ACTION ITEM: From the listing below, copy only the lines from the line that contains "Janod Mon Premier" to the line that contains "Ford 60 kVA", counting those two lines as part of the copy.

SOURCE INFORMATION:
Content starts

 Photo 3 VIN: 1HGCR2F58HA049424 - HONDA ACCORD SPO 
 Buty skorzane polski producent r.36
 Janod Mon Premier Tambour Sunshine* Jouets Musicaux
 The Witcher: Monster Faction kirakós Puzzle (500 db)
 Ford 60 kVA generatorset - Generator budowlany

Content ends
Content starts

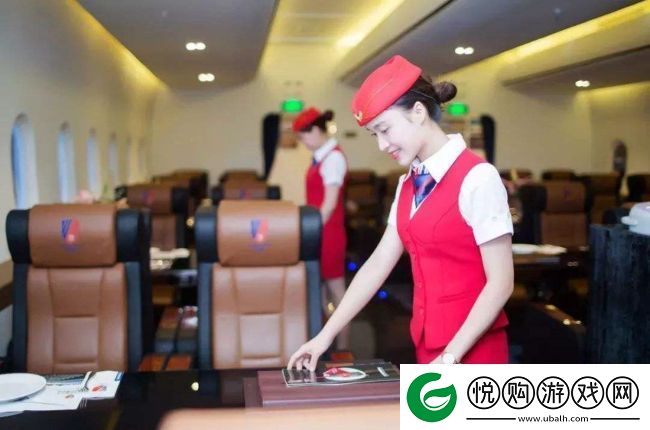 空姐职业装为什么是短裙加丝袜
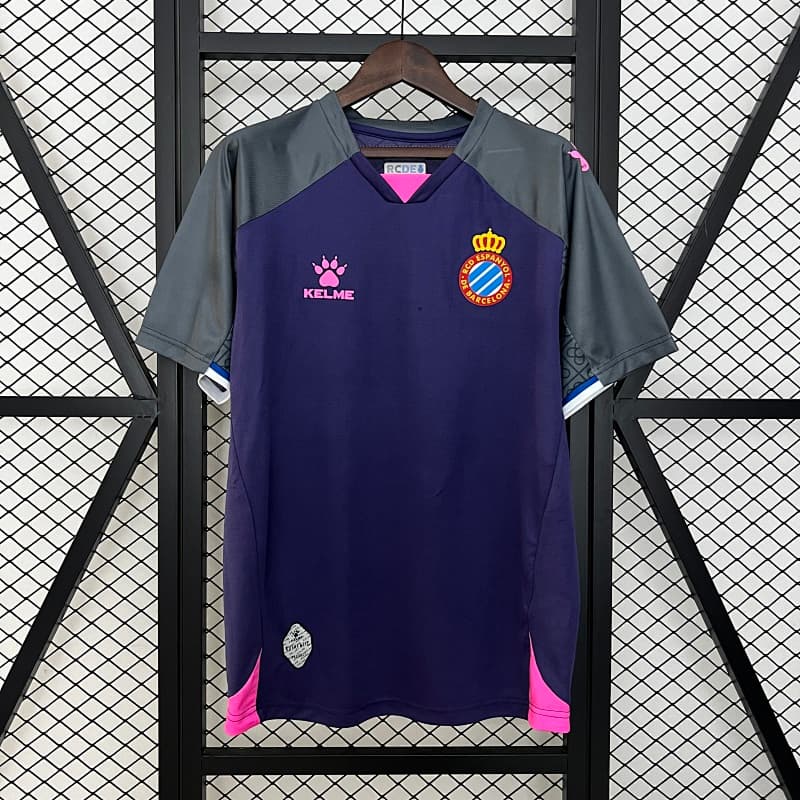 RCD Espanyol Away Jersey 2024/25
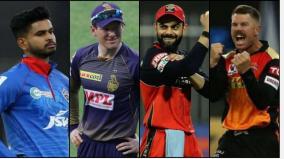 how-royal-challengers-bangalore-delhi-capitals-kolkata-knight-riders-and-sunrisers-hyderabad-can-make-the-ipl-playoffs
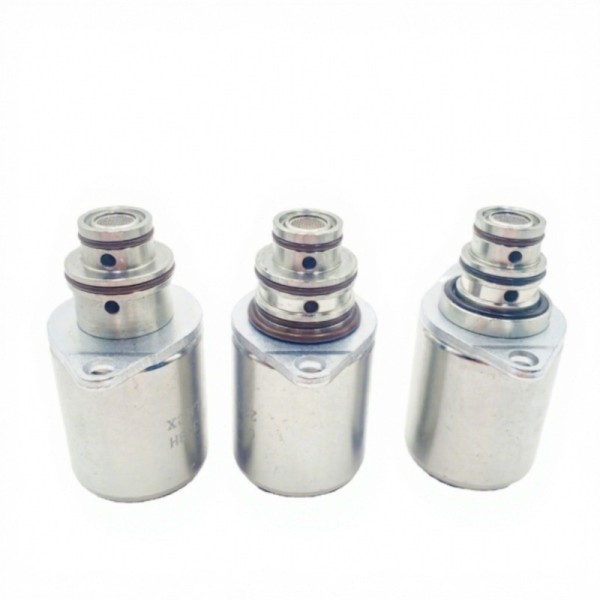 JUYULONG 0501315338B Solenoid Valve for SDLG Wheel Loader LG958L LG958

Content ends
Content starts

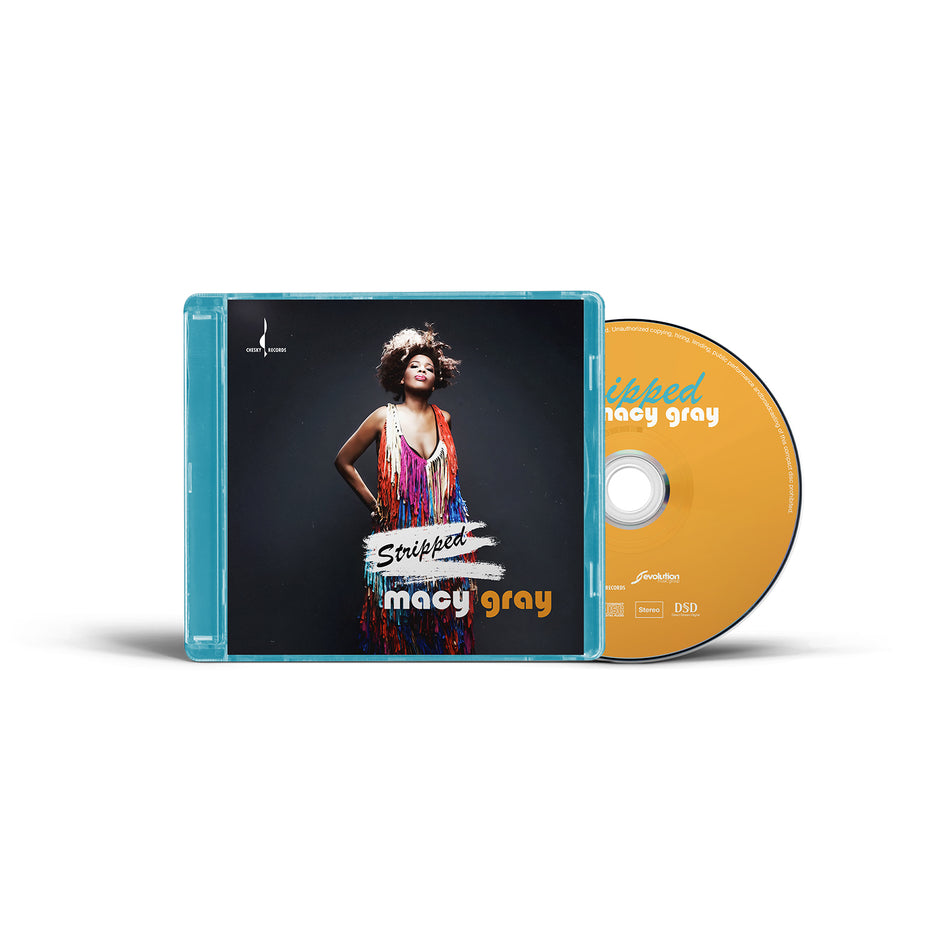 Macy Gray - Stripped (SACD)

Content ends

PROBLEM SOLUTION:
 Janod Mon Premier Tambour Sunshine* Jouets Musicaux
 The Witcher: Monster Faction kirakós Puzzle (500 db)
 Ford 60 kVA generatorset - Generator budowlany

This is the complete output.